The court’s decision clears up some short term uncertainty about PPACA, but many questions remain
Loren Adler and Shai Akabas contributed to this post.
SCOTUS held that the individual mandate to purchase insurance and the Medicaid coverage expansion are constitutional, but the federal government may not force states to participate in the expansion by threatening them with the loss of existing Medicaid funds.
The wait is over. After a rare six hours of oral arguments and nearly three months of deliberation, the Supreme Court issued its decision this morning that the Patient Protection and Affordable Care Act (PPACA) is constitutional, by a vote of 5-4.
As we discussed while the oral arguments were taking place in March, the Supreme Court considered four issues:
- Whether the case is ripe for argument
- The constitutionality of the individual mandate to purchase private health insurance
- Whether the mandate is severable from the rest of the statute
- The constitutionality of the Medicaid Program eligibility expansion
What the Court Decided
The court ruled that the Anti-Injunction Act (AIA) does not apply to this case. If it did apply, a ruling on the merits would have been delayed until 2014 or later, when the tax penalty became enforceable. The Court held that Congress did not intend the payment to be treated as a “tax” for purposes of the AIA; instead, it is considered a “penalty.”
On the individual mandate, the court ruled that it was permissible under Congress’s power to tax. Chief Justice Roberts wrote for the majority saying that “the mandate is in effect just a tax hike on certain taxpayers who do not have health insurance.” The court, however, rejected the federal government’s argument that the mandate was constitutional under Congress’s power to regulate interstate commerce, or the Necessary and Proper Clause. As Chief Justice John Roberts said in the majority opinion, “[the Framers] gave Congress the power to regulate commerce, not to compel it.” Chief Justice Roberts cites the federal government’s argument that the court should read the “mandate not as ordering individuals to buy insurance, but rather as imposing a tax on those who do not buy that product.”
Because the court ruled that the mandate was constitutional, it declined to rule on the severability of the mandate.
The court upheld PPACA’s Medicaid expansion, but ruled that the expansion should be voluntary for states. The Justices were split on this question – Justice Ginsburg and Sotomayor voted to uphold the Medicaid expansion; Justices Roberts, Breyer and Kagan thought that the expansion should be an option, but states should not be at risk to lose all Medicaid funds if they chose not to expand coverage; and Justices Kennedy, Scalia, Alito, and Thomas voted to strike down the expansion in its entirety.
As Justice Roberts wrote, “nothing in our opinion precludes Congress from offering funds under the ACA to expand the availability of health care, and requiring that states accepting such funds comply with the conditions on their use. What Congress is not free to do is to penalize States that choose not to participate in that new program by taking away their existing Medicaid funding.”
What the Decision Means for States
PPACA was enacted into law over two years ago. Though many of the major provisions of the law do not take effect until 2014, the federal government has already spent billions of dollars to implement the law. In total, over $13 billion in funding has already flowed to states and private entities. The law represents a tremendous amount of work at the state level as leaders prepare for dramatic changes to the insurance marketplace and the Medicaid program.
Ultimately, the Court’s decision indicates that implementation of the law can continue to move forward.

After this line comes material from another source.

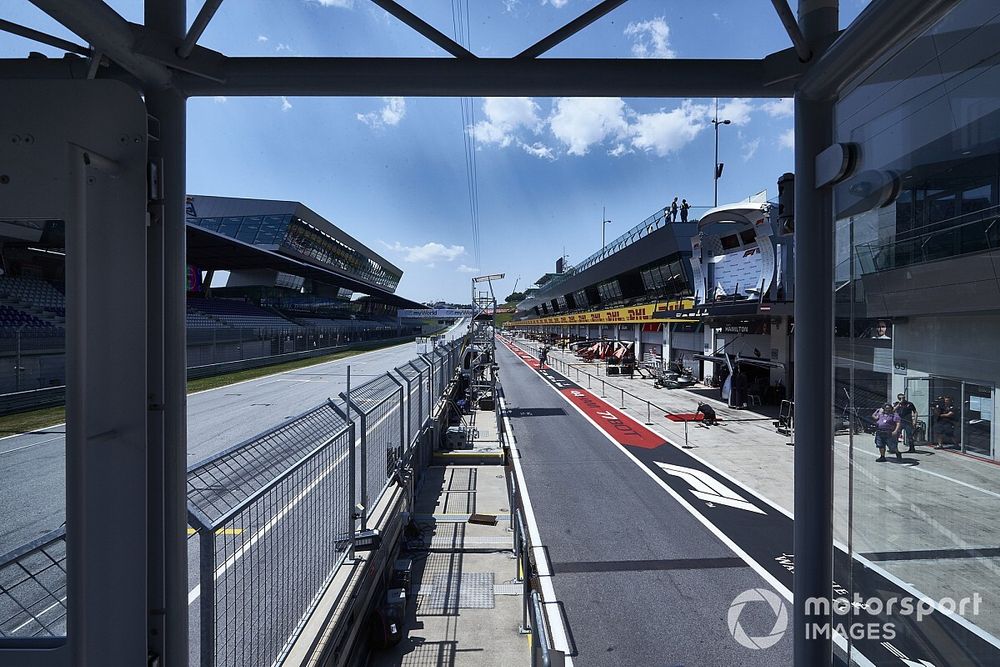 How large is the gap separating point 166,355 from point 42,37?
49.9 inches

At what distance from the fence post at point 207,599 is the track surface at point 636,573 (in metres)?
3.79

The ruling may mark a turning point for some states, including Alabama, New Jersey, Kentucky and Georgia, who were waiting for the Court’s decision to determine their next move on the design and launch of state-based health insurance exchanges. As a result of this delay, these states now have a very tight timetable to create insurance exchanges. Developing the necessary infrastructure and capacity required to make them function requires a large commitment of time and resources. Even if these states move forward with their planning immediately, they may not be ready in time.
Other states may wait for the outcome of the presidential election to decide whether to continue or begin work on insurance exchanges. According to recent guidance from the Department of Health and Human Services (HHS), states must submit, by November 16, 2012, an exchange “blueprint” that describes their readiness to run their own insurance exchange. With less than two weeks to turn around an application after the election, many states may find the federal government running their exchanges, in whole or in part.

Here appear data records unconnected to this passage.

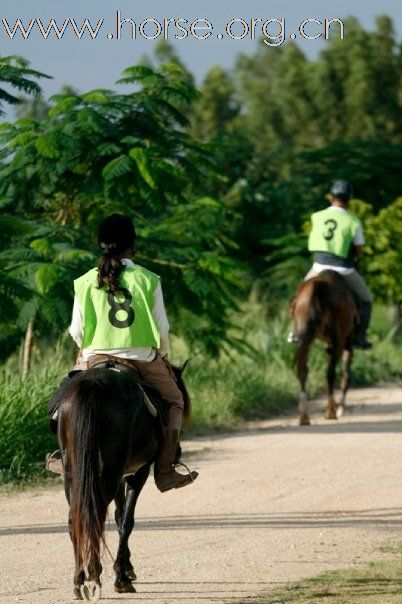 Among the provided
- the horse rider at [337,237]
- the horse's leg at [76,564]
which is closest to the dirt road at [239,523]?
the horse's leg at [76,564]

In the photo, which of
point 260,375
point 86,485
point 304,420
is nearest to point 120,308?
point 86,485

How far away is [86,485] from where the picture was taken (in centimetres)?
643

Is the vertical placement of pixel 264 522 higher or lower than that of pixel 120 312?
lower

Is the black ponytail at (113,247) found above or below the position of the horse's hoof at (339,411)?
above

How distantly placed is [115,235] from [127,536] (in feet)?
5.57

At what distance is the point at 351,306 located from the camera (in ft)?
53.0

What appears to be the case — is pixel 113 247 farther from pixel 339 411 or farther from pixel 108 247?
pixel 339 411

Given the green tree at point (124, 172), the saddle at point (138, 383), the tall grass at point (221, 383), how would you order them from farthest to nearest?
1. the green tree at point (124, 172)
2. the tall grass at point (221, 383)
3. the saddle at point (138, 383)

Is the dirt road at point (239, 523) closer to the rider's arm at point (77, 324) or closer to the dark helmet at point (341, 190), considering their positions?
the rider's arm at point (77, 324)

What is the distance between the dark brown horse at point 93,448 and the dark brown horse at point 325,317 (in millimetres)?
8851

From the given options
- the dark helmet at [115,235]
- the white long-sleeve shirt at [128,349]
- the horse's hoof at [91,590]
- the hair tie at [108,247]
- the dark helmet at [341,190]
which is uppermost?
the dark helmet at [341,190]

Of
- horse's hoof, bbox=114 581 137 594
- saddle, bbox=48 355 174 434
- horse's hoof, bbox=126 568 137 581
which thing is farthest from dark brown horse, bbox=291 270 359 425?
horse's hoof, bbox=114 581 137 594

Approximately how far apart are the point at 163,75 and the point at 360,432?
181 inches

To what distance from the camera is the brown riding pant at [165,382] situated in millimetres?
7328
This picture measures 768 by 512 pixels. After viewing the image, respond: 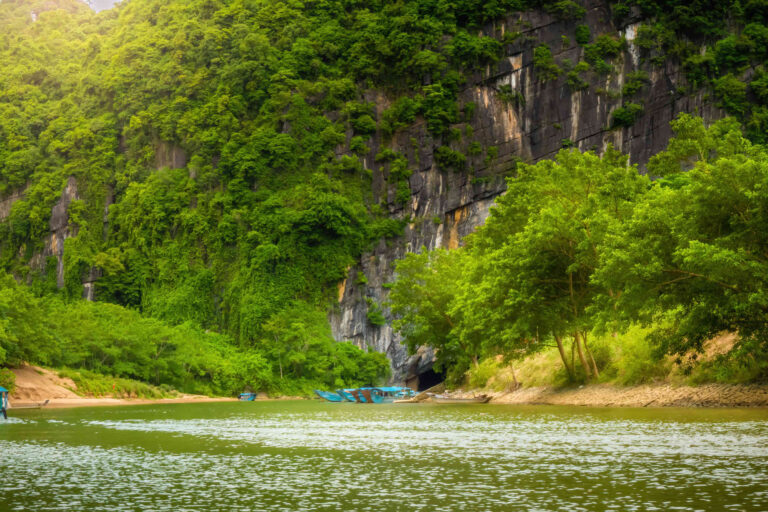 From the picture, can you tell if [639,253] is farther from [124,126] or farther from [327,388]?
[124,126]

What the Decision Means for Stakeholders
For quite some time now, the private health care industry has been undergoing a transformation to move toward more efficient models of payment and delivery of medical services. The Court’s decision relieves some of the uncertainty for insurers and providers in deciding how best to proceed. For instance, many of the new industry fees and payment reductions in PPACA are offset by the anticipated increase in insured individuals. More insured individuals means more private insurance reimbursement for providers, and more premium payments for insurers. If the mandate had been struck down, industry stakeholders would have faced the same payment reductions without any of these increased revenues.
Keeping PPACA in place means that deficit projections remain unchanged. Based on Congressional Budget Office estimates, accounting for the effective repeal of the CLASS Act and a few recent minor changes to the law, PPACA is scheduled to save the federal government roughly $125 billion from 2013 through 2022.
The court’s ruling clears up some short term uncertainty about PPACA, but many questions remain.